ASSIGNMENT: Copy nothing but the lines from the line with "[NIEMALS VERWENDET] Abtropfmatte" to the end of the records, retyped exactly. Pictures stay out.

Records drawn from a dataset:
────────────────────────────────────────

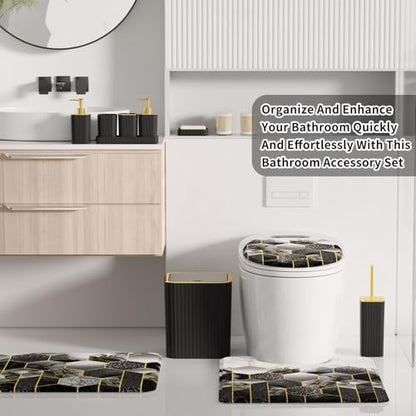 XLHOMO Bathroom Set - 26PC Bathroom Set with Shower Curtain and Rugs, Bathroom Accessory Set, Black Bathroom Accessories Set, Trash Can & Soap Dispenser - style: Black&Gold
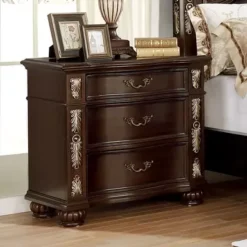Traditional Brown Cherry Night Stand W/ USB Plug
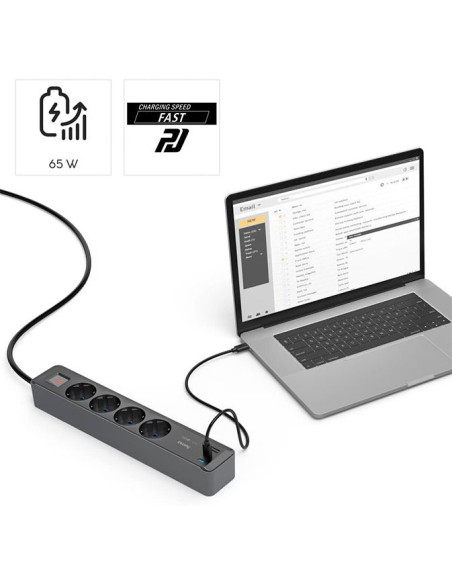 Regleta Hama 4Tomas 1xUSB-A+2XUSB-C 65W PD Interruptor 1,4m-TiendaCPU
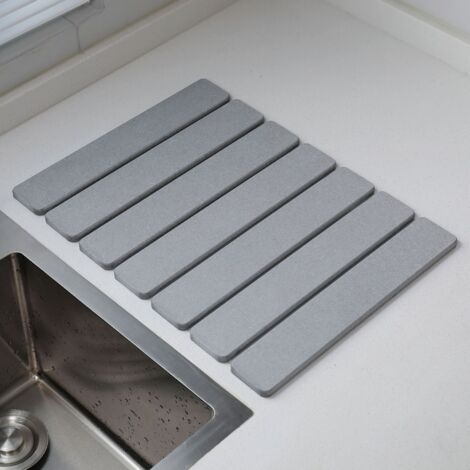 [NIEMALS VERWENDET] Abtropfmatte Geschirr, 40x30cm Wasserabsorbierende Kieselgur Matte Küche, Faltbare Schnelltrocknende Stein Dish Drying Matte für Geschirr, Flaschen, Tassen, Passend für jede Arbeit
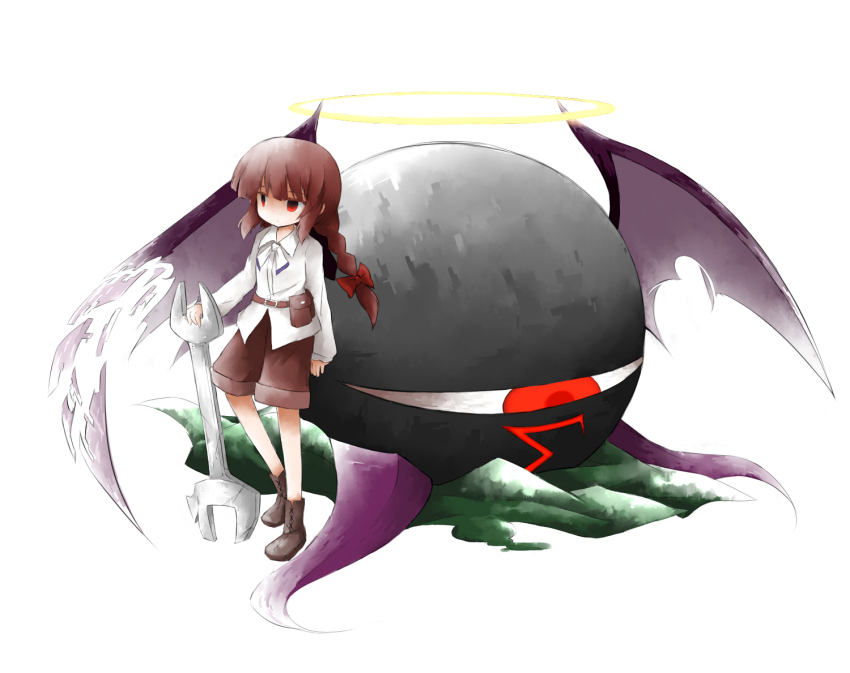 1girl, bow, braid, brown_hair, cross-laced_footwear, dress_shirt, evil_eye_sigma, female_focus, hair_bow, halo, long_hair, red_eyes, rika_(touhou), sasabuki, shirt, shoes, solo, touhou, white_background, wings, wrench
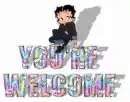 Betty Boop on word welcome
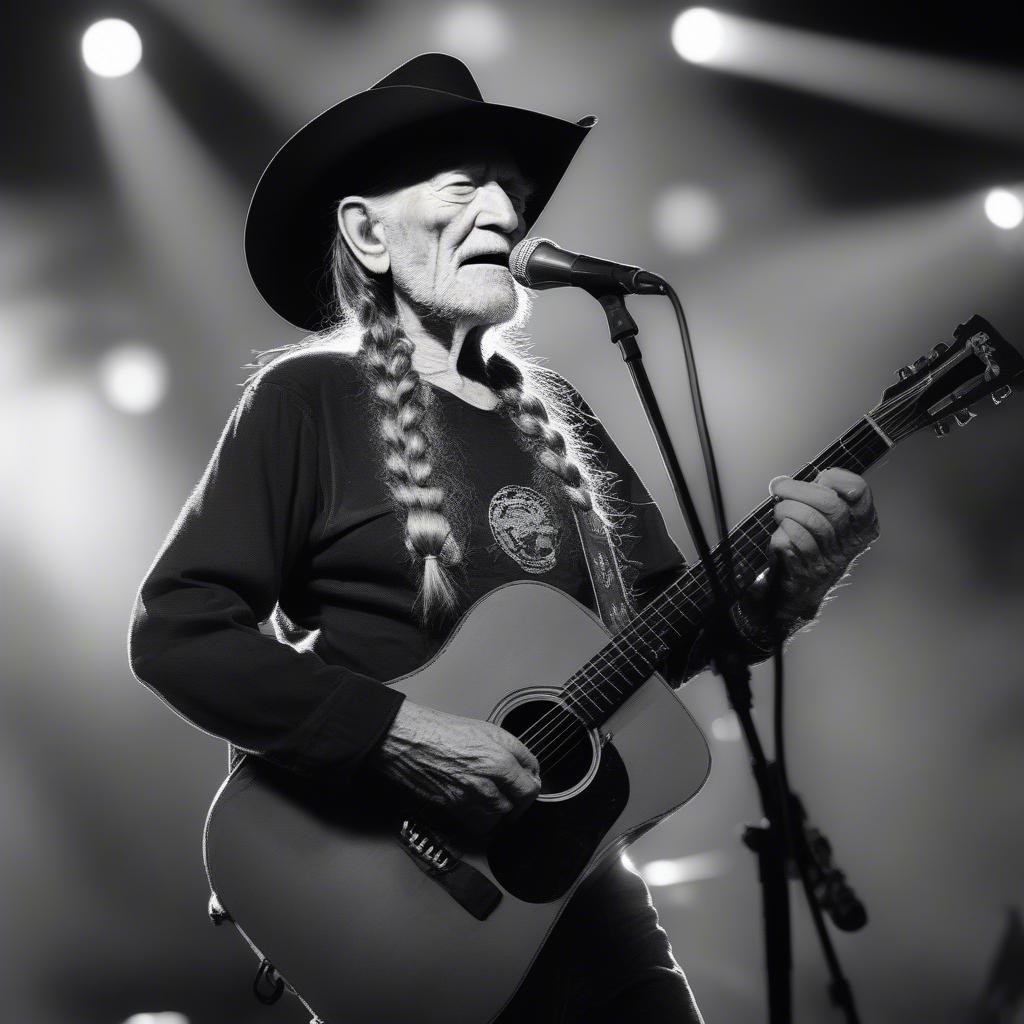 Willie Nelson performing "Hello Walls" live on stage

────────────────────────────────────────

ANSWER SECTION:
 [NIEMALS VERWENDET] Abtropfmatte Geschirr, 40x30cm Wasserabsorbierende Kieselgur Matte Küche, Faltbare Schnelltrocknende Stein Dish Drying Matte für Geschirr, Flaschen, Tassen, Passend für jede Arbeit
 1girl, bow, braid, brown_hair, cross-laced_footwear, dress_shirt, evil_eye_sigma, female_focus, hair_bow, halo, long_hair, red_eyes, rika_(touhou), sasabuki, shirt, shoes, solo, touhou, white_background, wings, wrench
 Betty Boop on word welcome
 Willie Nelson performing "Hello Walls" live on stage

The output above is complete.